ガブリエル・テティアラヒ/ヒティ・タウ(NGO)
於:ハーグ平和のためのアピール、世界の被ばく者セッション
1999年5月 オランダ、ハーグ

(祈りの儀式)
  通訳の方には申し訳ないのですが、これからの発言は、提出していた文書にもとづくものではありません。

  いま祈りの儀式をしました。これまでわたしはこの儀式を、ネバダ核実験場や、イギリスが核実験をおこなったオーストラリアのマラリンガでもおこないました。これを、フランスが200回にわたる核実験をおこなった、私の国マオヒのツアモツ諸島にある、モルロア環礁とファンガタウファ環礁でもおこなおうと試みました。わたしたちの子どもたちの前でわたしたちの文化であるこの儀式をおこなえる日が来ることを願っていますが、植民地支配下にあるわたしたちに、それはできません。

  わたしが核実験を経験したのはまだ若いときでした。当時わたしは(ツアモツ諸島の)ハオという環礁に住んでいました。ある日、学校にフランス軍がやってきました。彼らは、全校生徒を集め、「水の城」とわたしたちが呼んでいた場所に連れて行きました。そこでわたしたちは、モルロアとファンガタウファ環礁の方向を見るように命令されたのです。これは1972年、フランスが大気圏でおこなった最後の核実験でした。わたしたちは16歳ぐらいでした。40人ほどいた軍人たちは、もちろんのこと防護服を身につけていました。わたしたちマオヒの子どもたちは、核実験から生じたきのこ雲を見るように命令されたのです。そう遠い距離ではありませんでした。あの日を忘れることはできません。

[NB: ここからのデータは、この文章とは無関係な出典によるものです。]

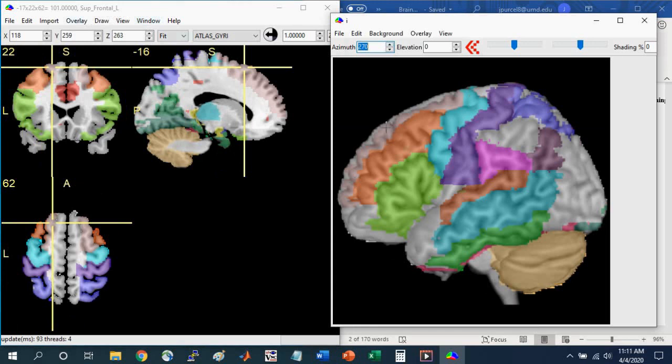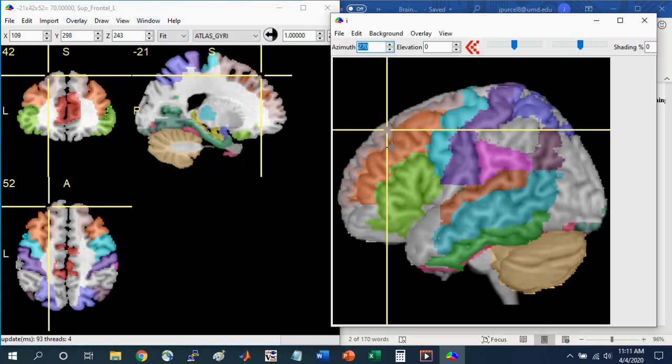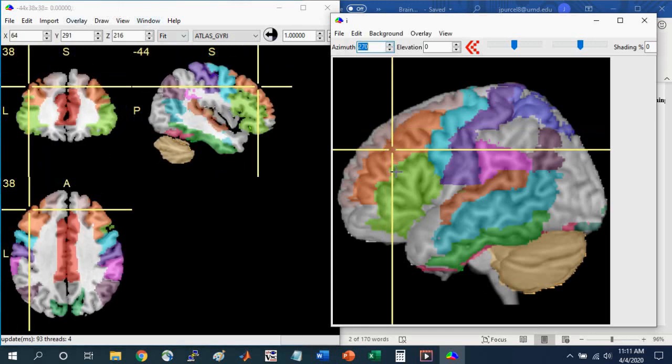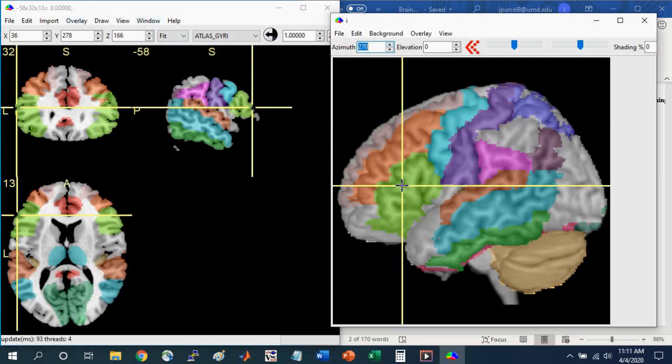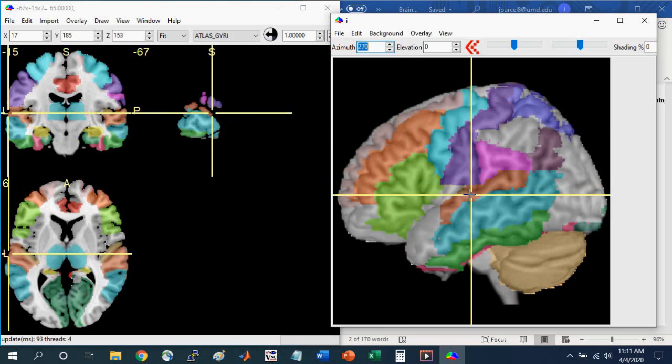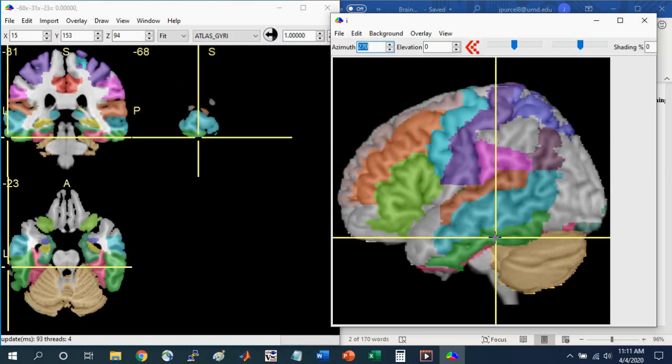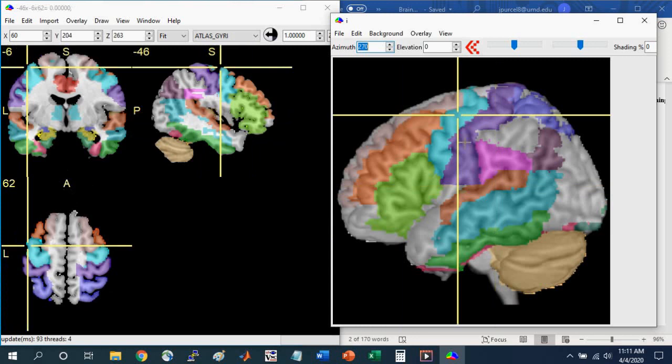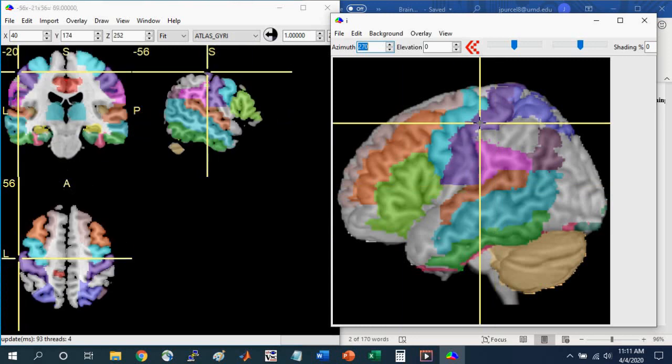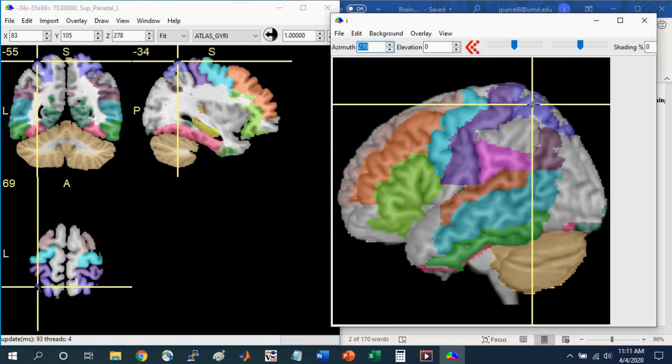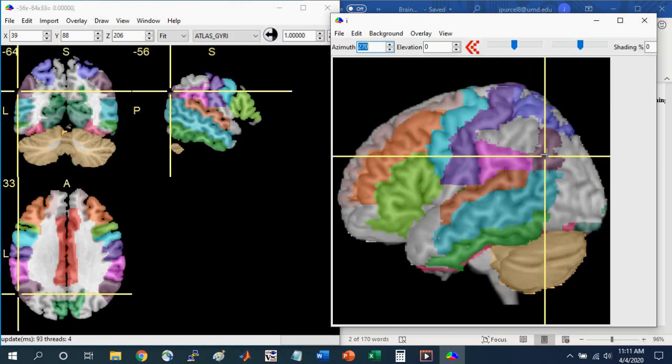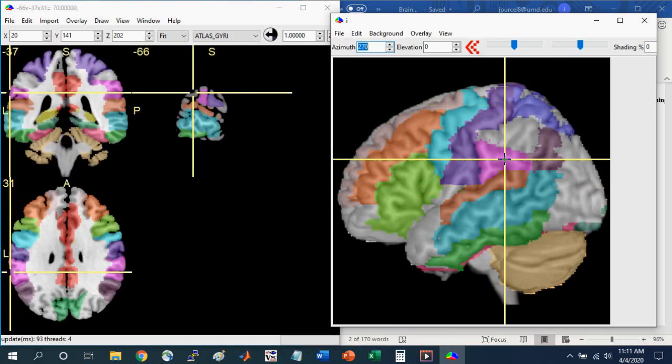You can see the superior, middle, and inferior frontal gyrus. You can also see the superior, middle, and inferior temporal gyrus. You can see the precentral gyrus and the postcentral gyrus. You can see the different anatomical structures in the parietal lobe, such as the superior parietal lobe, the angular gyrus, and the supermarginal gyrus.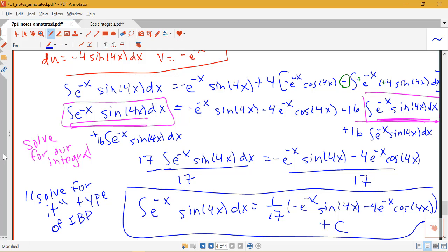You'll see this technique come up when you have an exponential times a trig function, or something like a log times a trig function. So keep this technique in mind.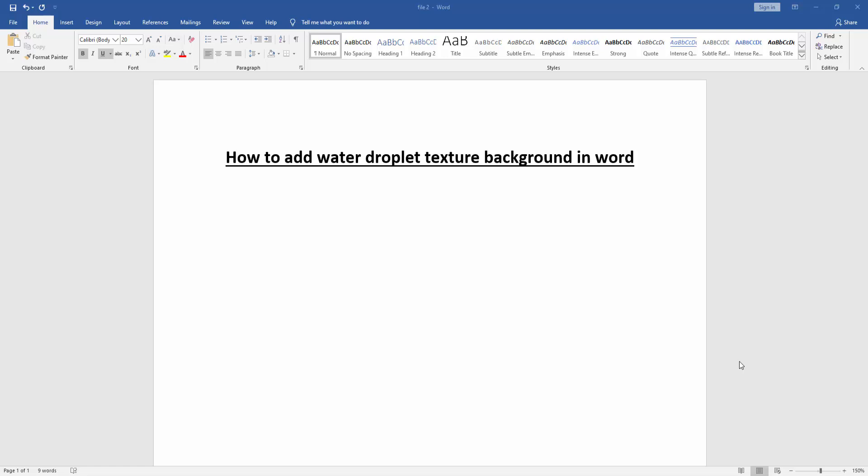Hello friends, welcome back to my new video. In this video, I'm going to show you how to add water droplet texture background in Microsoft Word. Let's get started.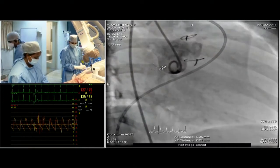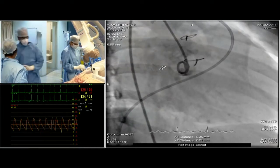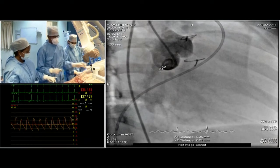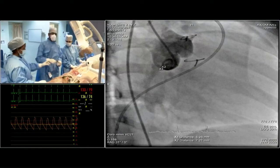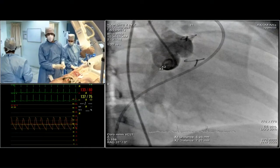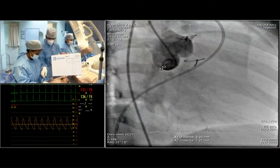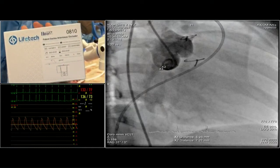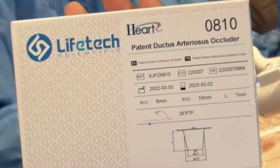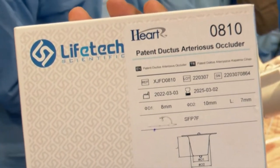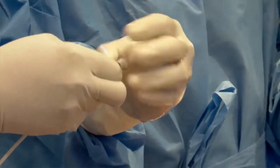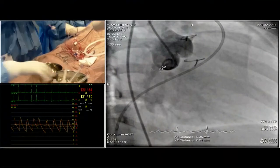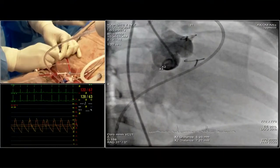Dr. Jai Ranganath's point is very valuable: the coronaries arise from the upper end of the sinotubular junction, whereas the ventriculo-aortic junction is the site of the RSOV. This is a 10-8 device with a 14-millimeter aortic retention skirt, 10 mm at the aortic end, and 8 mm at the pulmonary end. Now we are loading the device.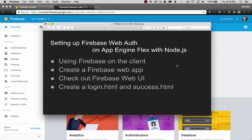In this episode, I want to cover setting up web authentication on App Engine Flex with Node.js server. I'm going to be showing how to wire up Firebase on the client.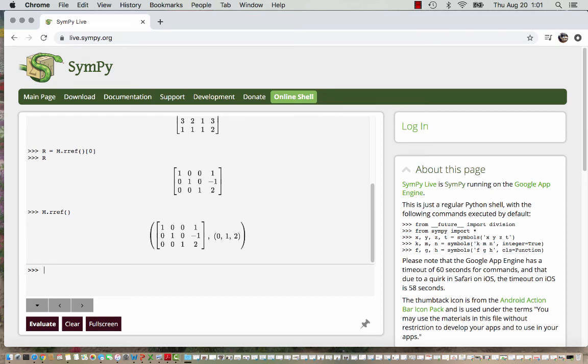So you do not need to do reduced row echelon form by hand, go ahead and rely on SymPy here at live.sympy.org, and you are welcome to use other technology as well, but SymPy is free and pretty easy to get to.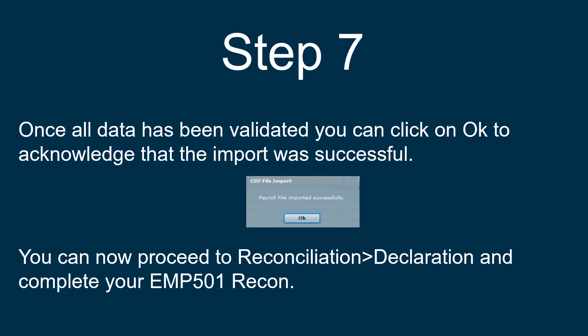Once all data has been validated, you can click on OK to acknowledge that the import was successful. This will now allow you to proceed to reconciliation declaration and complete your EMP501 recon.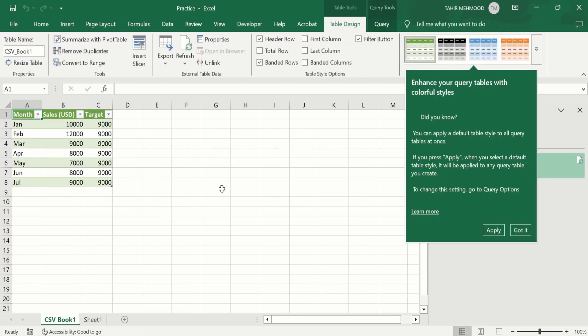Now you can observe that we have successfully imported data from CSV file to Excel file. So by using this video you can easily import data from CSV to Excel file. That's the end of this video. Thanks for watching this video. Goodbye.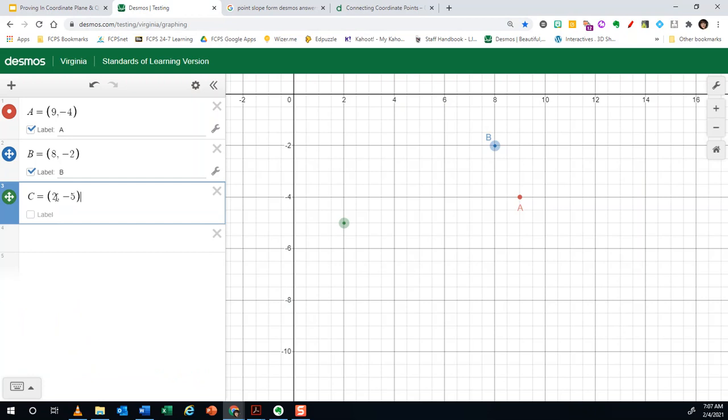And I recommend labeling it. Just be aware that the computer uses the label you're giving it up here. This is just so that you can have it labeled on the graph.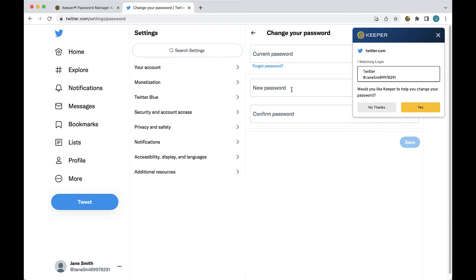Once there, you will automatically receive a prompt from Keeper asking if you would like help changing your password. By clicking yes, Keeper will guide you through a few quick steps to change your password and simultaneously update the record in your vault.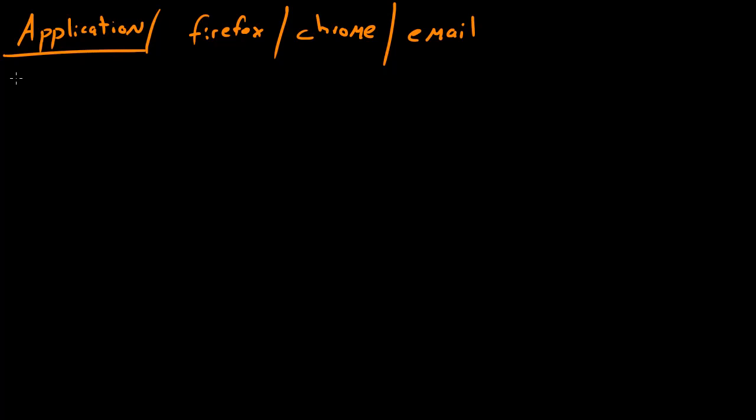Now the next layer is called the presentation, the presentation layer. This is the layer that your operating system works on.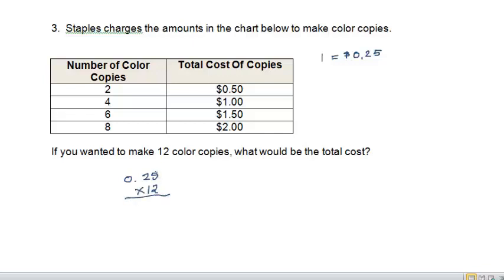Now I don't really have to do the multiplication. If I know that four copies is going to cost me a dollar, twelve is three times four. So three times a dollar is going to be three dollars.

  何年かして、わたしはフランスへ留学しました。1975年から1984年までのあいだ、フランスは、フランソワ・ミッテラン大統領の命令のもと、100以上の核実験をおこないました。当時わたしはボルドー市に住んでいました。タヒチ島はとても美しいところで、いまでは観光地として知られいますが、当時は、モルロアやファンガタウファ環礁でおこなわれていた核実験、また、ひとりの太平洋島民にたいする周囲の関心はとても薄いものでした。わたしは一人街頭で実験に抗議し、ボルドーの大学から市庁舎まで歩きました。歩きながら、わたしは祖母の言葉を思い起こしていました。「このパレオ(ポリネシアの伝統的な模様を染めた布)をもっていきなさい。そして大学に入って、フランス人といっしょに核実験に反対しておくれ。」しかし、フランスにいた10年間、ひとりとしてわたしといっしょに抗議行動をしてくれるフランス人はいませんでした。まるで無関心という大海の孤島にいるような日々でした。1985年、わたしはタヒチ島へ戻りました。小さい島ですから博士号をもってかえってもできることといえば、政府の役人になることぐらいしかありません。母にも、「政府の仕事に就きなさい」と言われました。しかし、時として子どもが親を教育する必要があります。わたしは母に、好核政府のために働くことなどできない、と告げました。

  わたしは核実験反対の運動を組織し始めました。なかには、核実験をやめさせるなど至難の業と考えている人もいました。そのときわたしは、いつかきっと、たくさんのタヒチの人たち、フランスの人たちが核実験に反対する日がやってくる、と言いました。その日はやってきたのです。1995年6月19日、ジャック・シラク仏大統領が、核実験の再開を決定したとき、通りに出て抗議をしたのはわたしひとりではありませんでした。タヒチ島の人口の1割にあたる1万5千の島民たちが植民地支配に抗議し、街を行進しました。

  しかし、この後タヒチにもどったら、わたしはフランス警察から「国の外で何をしてきた」との質問を受けるはずです。わたしは「核実験の被害者である島の大部分の人たちが、あなたたちの正義と平和の制度の下におかれるようにしているだけだ」と応えます。平和と正義の制度のなかで、植民地支配下におかれた人びとを牢獄につなぐことはできないのです。

  いまわたしは、単にマオヒ人というひとりの被害者ではありません。わたしは、NATOが殺人をおこなっているセルビアの一市民であり、ミロシェビッチが殺人をおこなっているコソボの人間です。わたしは世界中の戦争の犠牲者です。